Data for review ::

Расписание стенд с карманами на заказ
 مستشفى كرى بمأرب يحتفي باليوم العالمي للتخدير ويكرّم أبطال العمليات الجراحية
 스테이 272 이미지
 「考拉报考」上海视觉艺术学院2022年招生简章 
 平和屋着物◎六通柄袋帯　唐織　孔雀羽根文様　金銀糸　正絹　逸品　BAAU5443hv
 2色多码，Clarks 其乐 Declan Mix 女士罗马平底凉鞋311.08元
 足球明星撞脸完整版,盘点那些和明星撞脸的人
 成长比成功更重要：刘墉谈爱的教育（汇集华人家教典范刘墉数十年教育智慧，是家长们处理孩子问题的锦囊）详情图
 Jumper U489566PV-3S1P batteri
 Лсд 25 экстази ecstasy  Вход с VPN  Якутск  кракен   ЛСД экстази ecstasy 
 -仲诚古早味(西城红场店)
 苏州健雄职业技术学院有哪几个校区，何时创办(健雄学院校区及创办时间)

Exercise aim :: Take the line holding "Jumper U489566PV-3S1P batteri" and the lines after it through the end of the entries. Retype them exactly and add nothing.

Solution ::
 Jumper U489566PV-3S1P batteri
 Лсд 25 экстази ecstasy  Вход с VPN  Якутск  кракен   ЛСД экстази ecstasy 
 -仲诚古早味(西城红场店)
 苏州健雄职业技术学院有哪几个校区，何时创办(健雄学院校区及创办时间)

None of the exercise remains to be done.